*TASK INPUTS*:

□ □ □ □ □

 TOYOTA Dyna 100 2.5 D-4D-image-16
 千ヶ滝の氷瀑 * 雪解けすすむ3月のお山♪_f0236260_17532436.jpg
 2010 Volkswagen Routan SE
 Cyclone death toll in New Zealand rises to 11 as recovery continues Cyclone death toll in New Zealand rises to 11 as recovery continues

□ □ □ □ □

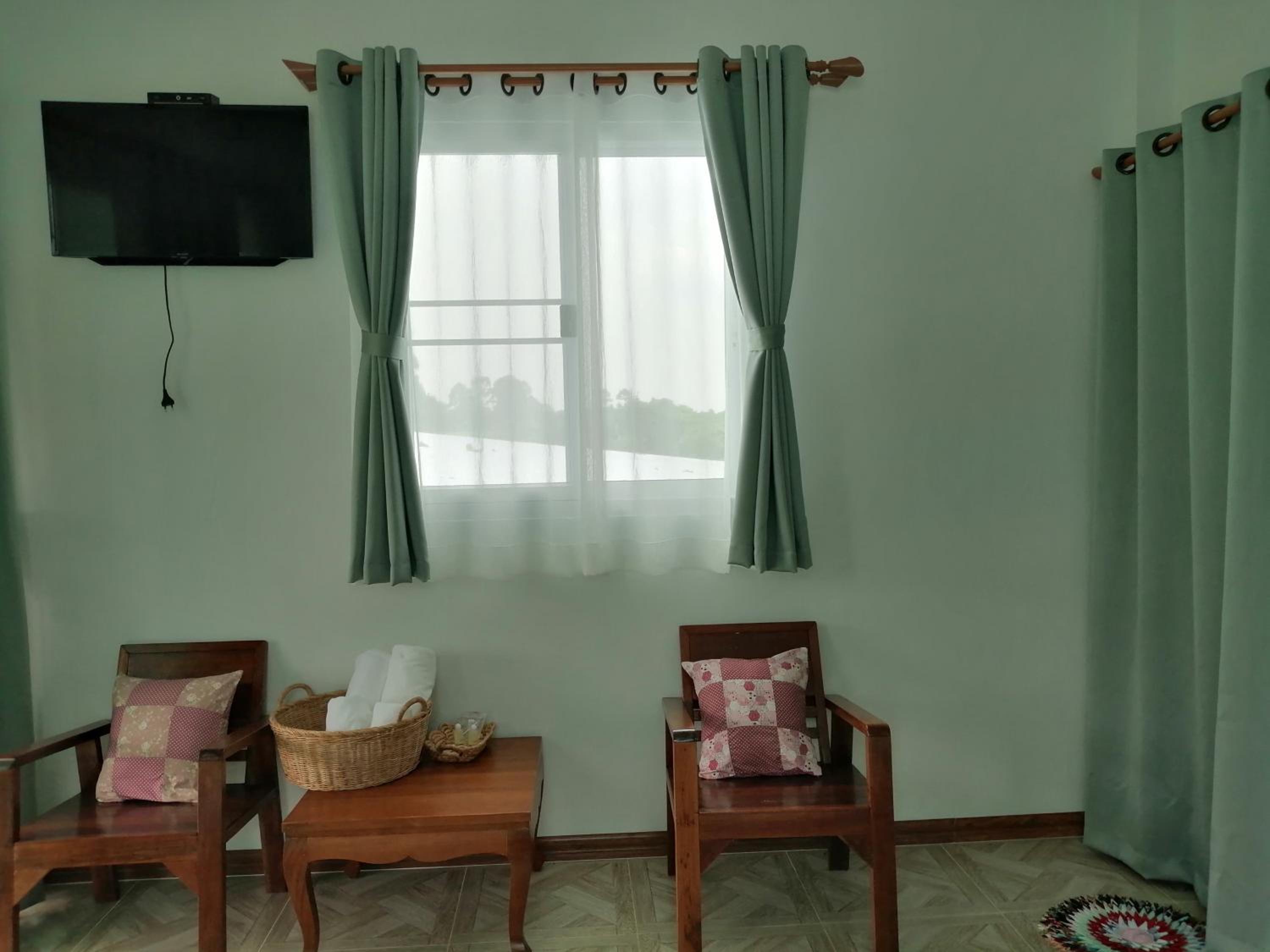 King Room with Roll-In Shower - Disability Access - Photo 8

□ □ □ □ □

*EXERCISE DESCRIPTION*: Copy exactly the stretch of data above from the line with "2010 Volkswagen Routan SE" through the line with "recovery continues Cyclone", and omit all other lines.

*RESULT FOR THIS TASK*:
 2010 Volkswagen Routan SE
 Cyclone death toll in New Zealand rises to 11 as recovery continues Cyclone death toll in New Zealand rises to 11 as recovery continues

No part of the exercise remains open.